Inseguridad personal

El DNI es una pieza de la maquinaria franquista, para control de súbditos

Llega retraída la Navidad, o yo tengo esa impresión (es una fiesta que baja de voltaje cuando el dinero no circula y el negocio es poco), y abro al azar un libro, a ver si me adivina el futuro: “Muy poca fuerza debemos de tener / si nos rendimos porque nos falta el sol”. Son unos versos de Philippe Jaccottet, poeta suizo del que no sé casi nada. Sé que tradujo al francés El hombre sin atributos, de Robert Musil, y las Soledades, de Góngora, dos obras que me han acompañado mucho. Lo he encontrado en una selección de ensayos de Peter Handke, Lento en la sombra, y por casualidad me ha adivinado el presente: está nublado y yo ando levemente rendido. Busco más versos de Jaccottet: “El alma, tan friolera e insociable...” Pero no hace frío. Es menos un día de vísperas navideñas que de finales de octubre, Halloween, y lo más navideño que me sale al paso es la expresión “congelación salarial”, un par de palabras que sugieren nieve y trineos que se deslizan monte abajo.

Recorto un informe de Amanda Mars publicado en este periódico hace cuatro días: El ajuste salarial se ceba en los estratos de trabajadores peor pagados. Los que menos ganan cada vez ganan menos, los pobres son cada vez más pobres y los ricos más ricos, como si viviéramos una fase de economía evangélica al pie de la letra y fanática: “A todo el que tiene se le dará y le sobrará; pero al que no tiene, aun lo que no tiene se le quitará” (Mateo, 25, 29). Las sucesivas reformas laborales han ido desarropando a los trabajadores y dejándolos al arbitrio de los empresarios, más desiguales que nunca empresarios y trabajadores. La última reforma, la del PP, es una gran aportación al desbaratamiento del Derecho del Trabajo.
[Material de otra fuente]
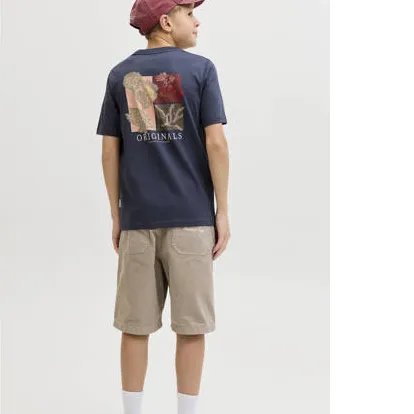 Jack & Jones T-shirt met backprint blauwgrijs, foto 3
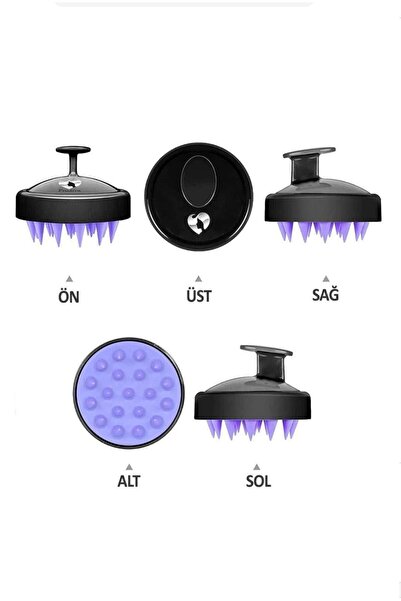 PRODİVA PERIE DE MASAJ PENTRU CAP DE CULOARE NEAGRĂ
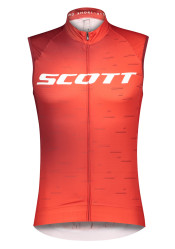 Men's cycling jersey Scott Shirt M's RC Pro w / o sl Fier Rd / Whte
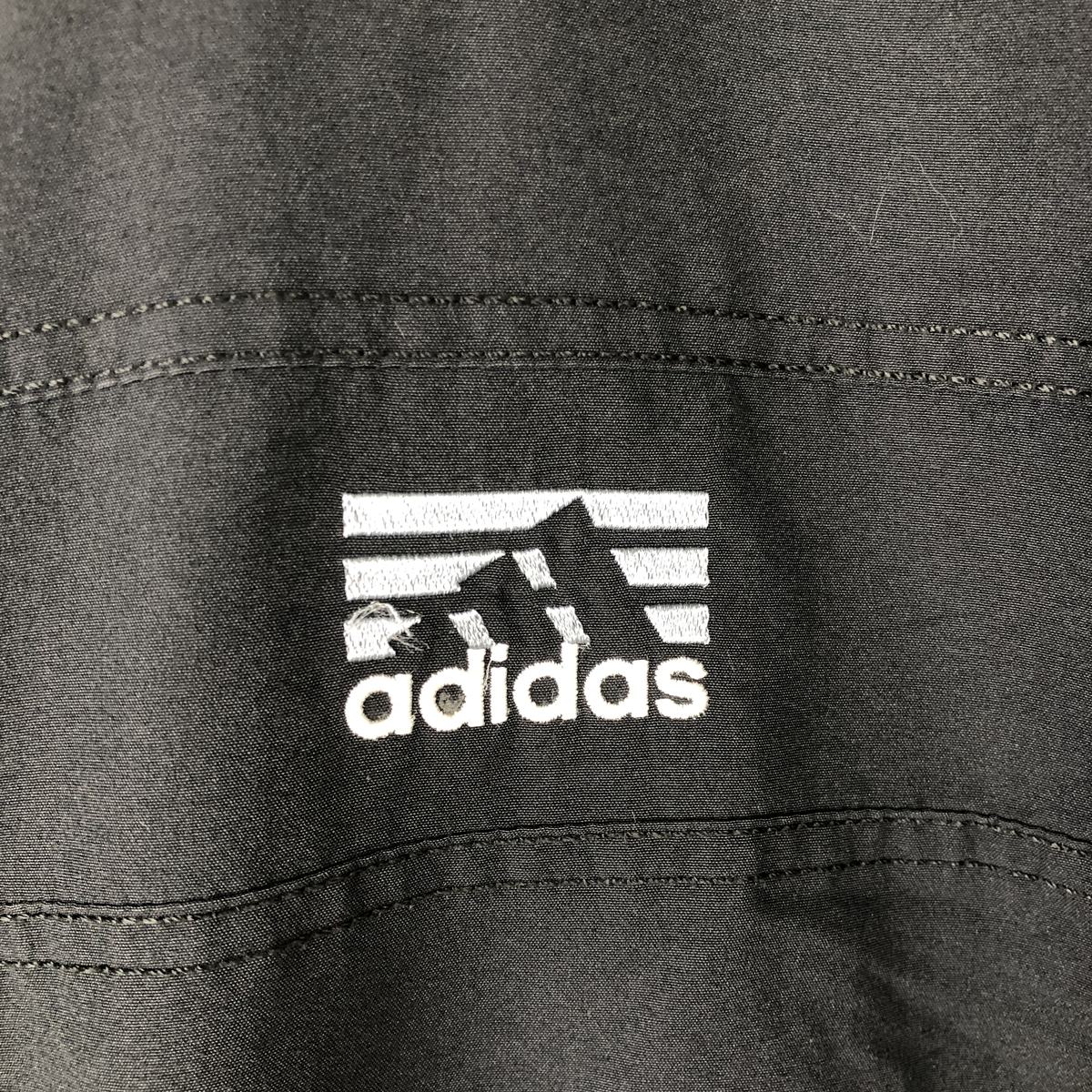 00'S adidas windbreaker men's XXL size polyester black type Vintage Second Hand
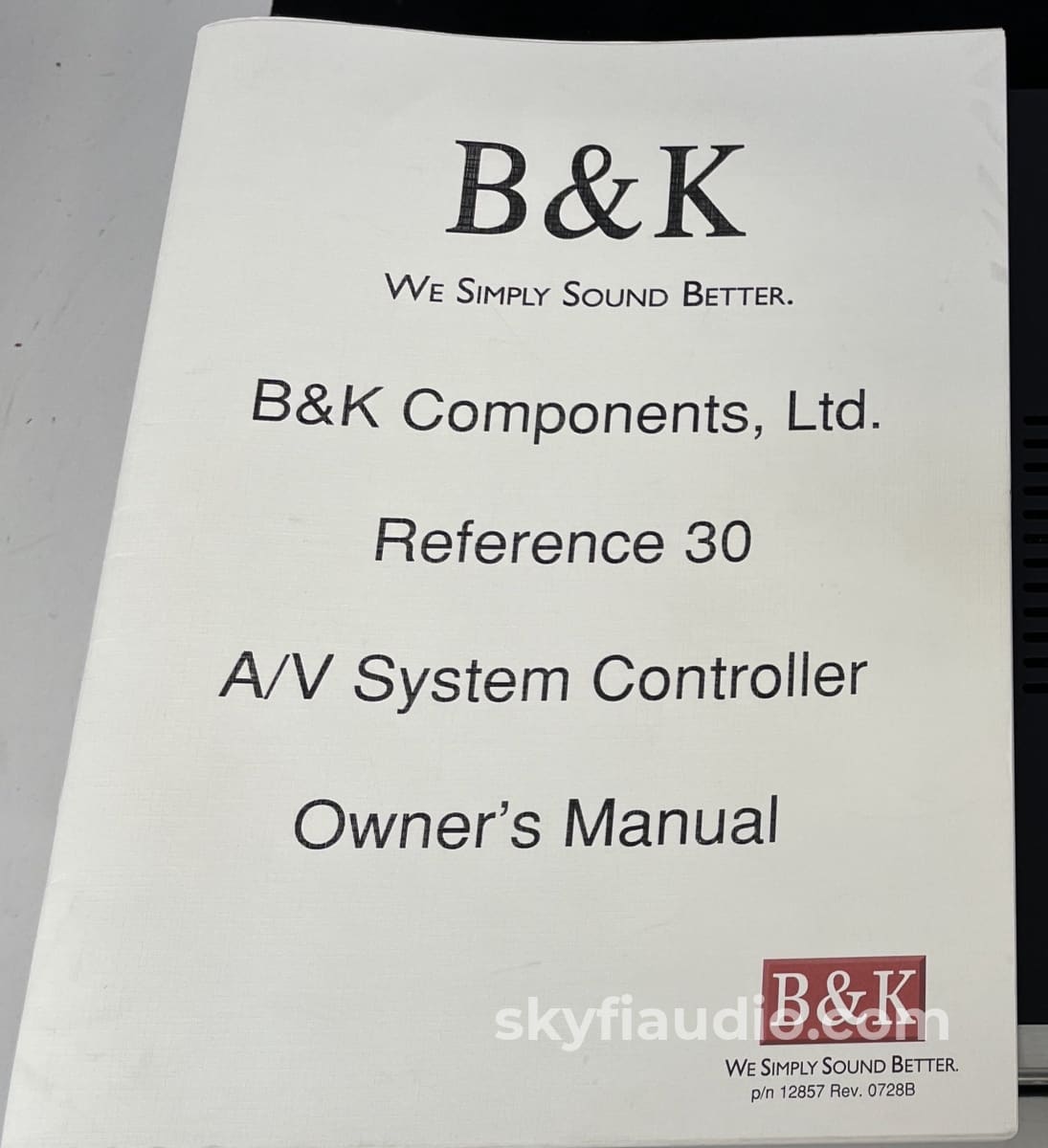 B&K Reference 30 Preamplifier And Surround Sound Processor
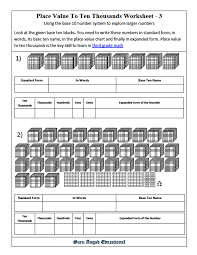 3rd grade math place value to ten thousands worksheets 2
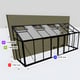 Janssens Arcadia 5x19 Lean To in Black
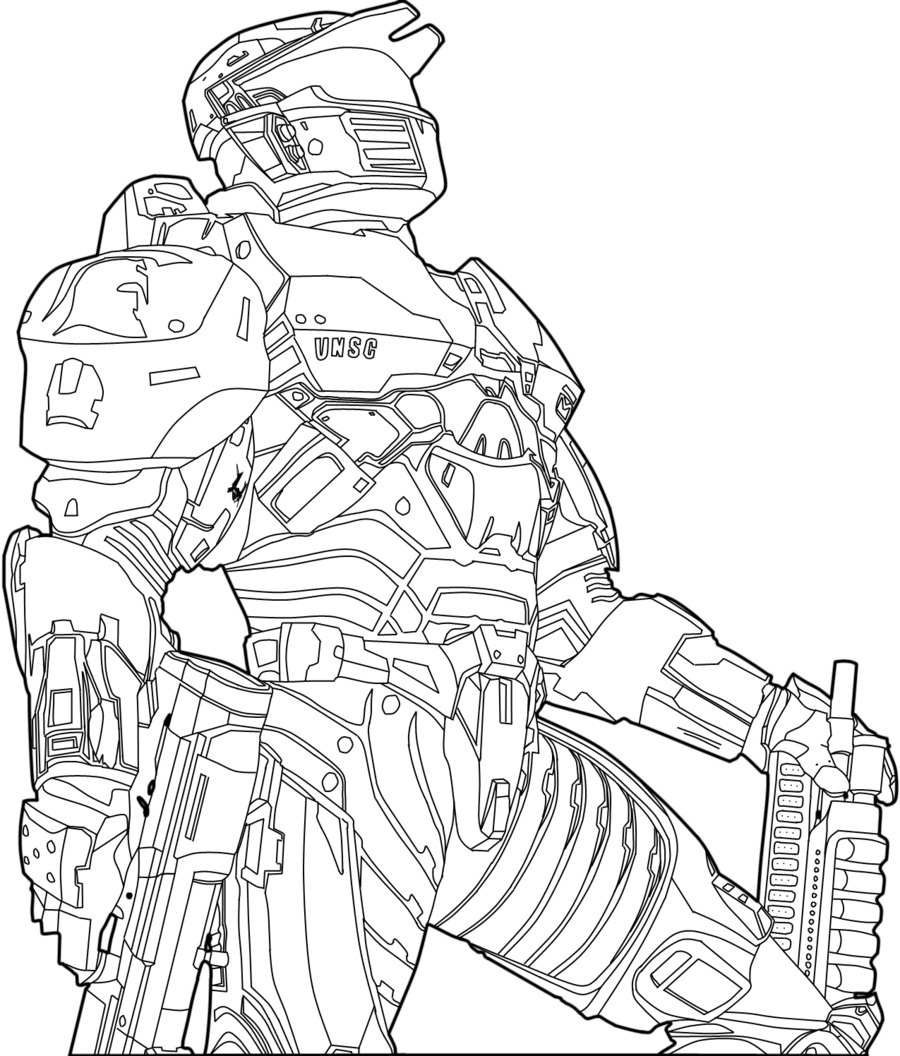 23+ Coloring Pictures Of Halo Reach Pics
Y, por su parte, los sindicatos han hecho el esfuerzo heroico de evaporarse y desaparecer tragados generosamente por la Administración estatal, de la que se fueron convirtiendo en un apéndice, un negociado más, con las mismas lacras y debilidades que la propia Administración, pero sin nada de su fortaleza.

En una economía tan de temporada, tan precaria, tan exigua como la andaluza, muchos trabajadores pertenecen al grupo de los peor pagados, no parecen tener horario fijo ni salario real fijo, y se ven indefensos y solos, sin capacidad de reacción. Viven en un estado de inseguridad personal. En otro mundo, remoto y cerrado como una caja fuerte, los gobernantes del PP piensan en otro tipo de seguridad. No sé si el PP quiere vengarse de la ciudadanía disconforme, o si ha sucumbido al frenesí vigilante del avaro que teme por sus tesoros y privilegios. No le bastan para mantener el orden público la Guardia Civil y la Policía Nacional y Local, y ha pedido refuerzos a los guardias de las empresas privadas, que, si se cumple el designio del PP, en lo sucesivo también patrullarán armados las calles. Más insiste el PP en seguridad y menos seguro de sus derechos se siente el ciudadano.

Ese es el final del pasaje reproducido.